Por: Wilson Rafael León Blanchar.


Terminó la final del Festival de la Leyenda Vallenata 2025. El rey ya tiene corona, pero el acordeón sigue hablando, no en tarima, sino en las voces del pueblo, en los patios de Fonseca, en las tiendas de Valledupar y en los televisores aún tibios por la transmisión en directo. En la edición más comentada de los últimos años, seis finalistas se batieron con fuelle, dedos y alma. Aquí, bajo la lupa de la guasa costeña, va el relato de lo que dejaron en tarima... y en los corazones.


Rodrigo Álvarez Orozco: la perfección que congeló el alma


Desde que apareció en escena, Rodrigo dejó claro que venía con la partitura afilada. Su ejecución fue impecable, digna de museo: cada nota en su sitio, cada aire trabajado con precisión de cirujano. En televisión, su presentación deslumbró. Pero para muchos, su interpretación se sintió más europea que caribeña. “Muy bonito, pero eso no se baila”, dijo un viejo en Guamachal mientras apagaba el televisor. Le sobró academia y le faltó parranda.


Edgardo Bolaño Gnecco: el sabor controlado


Edgardo tocó con el aplomo de quien ha hecho esto mil veces. Su digitación fue limpia como patio recién barrido, y su ritmo, parejo como carreteo en buen día. En la puya se le soltó un galope, sí, pero su forma de tocar enamora por sencilla y honesta. No hizo piruetas, pero sí dejó claro que el vallenato también vive en la serenidad del compás bien llevado.

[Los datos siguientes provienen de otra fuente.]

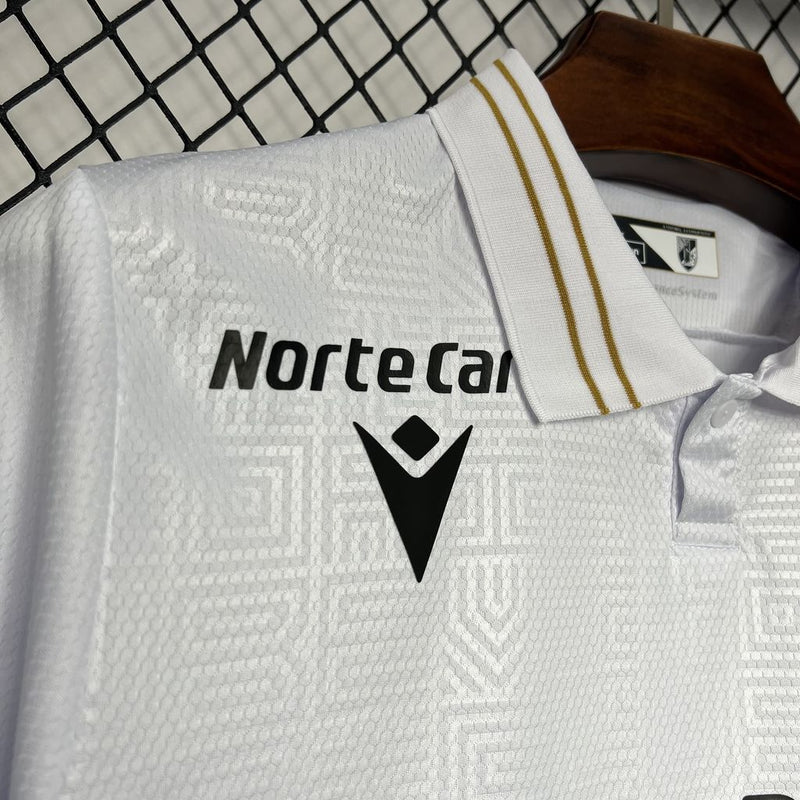 Camisa Vitória SC 24-25 White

Jairo Andrés de la Ossa: energía sin freno


El más joven, el más eléctrico, el que parecía tener un rayo metido en los dedos. Jairo fue una explosión de entusiasmo. Su ejecución fue veloz, vibrante, a veces hasta desbordada. En la pantalla, se notaba que le latía el pecho más que el fuelle. Pero esa misma velocidad hizo que algunas notas se le fueran de rumba sin él. Le falta madurar el ritmo, pero talento le sobra como para llenar dos festivales.


Omar “El Zorro” Hernández: el show hecho acordeón


Omar no tocó: actuó. Fue el más histriónico, el que miraba a la cámara con complicidad, el que le hablaba al público con las manos. Su interpretación fue sabrosa, pero en el son y el merengue se le enredaron unos acordes como si la guacharaca tuviera fiebre. Aun así, puso a hablar hasta al jurado más serio. “Ese man vende hasta el silencio”, dijo un parrillero en Valledupar.


Camilo Molina Luna: poesía con fuelle


Camilo llegó como quien llega a recitar. Tocó con sentimiento, con nostalgia, con alma de trovador. Cada nota parecía un suspiro, una carta de amor. Pero ese mismo lirismo se le volvió enemigo en el merengue, donde el ritmo pidió candela y él le respondió con bolero. “Muy bonito, pero se me enfrió el café”, comentó una señora en Barrancas. Poeta del acordeón, sí, pero que no se le olvide que esto también es fiesta.


Iván Zuleta: la leyenda que volvió a rugir


Y llegó Iván, el de los grandes escenarios, el de la dinastía que ha marcado generaciones. Su aparición fue un sacudón de historia viva. Tocó con fuerza, con picardía, con experiencia. Pero también con esa confianza del que ya ha sido grande y no tiene nada que probar. En televisión se le notó el dominio, aunque algunos lo sintieron más pendiente del espectáculo que del rigor. Eso sí, cuando sonó su puya, Valledupar pareció detener el aliento. Iván no vino a ganar un título: vino a recordarle al mundo quién es.


El veredicto del pueblo


El jurado ya hizo lo suyo. Las calificaciones están escritas. Pero en la costa, el verdadero fallo se da después, en la sobremesa, en la guasa, en la memoria. Esta vez ganó el que debía ganar, dicen algunos. Otros aseguran que fue cuestión de décimas. Lo cierto es que cada finalista dejó una huella distinta: unos en el corazón, otros en el oído, y uno que otro en el debate eterno del folclor. Porque en el vallenato, como en la vida, siempre hay quien toque mejor… pero el que hace sentir, ese no se olvida.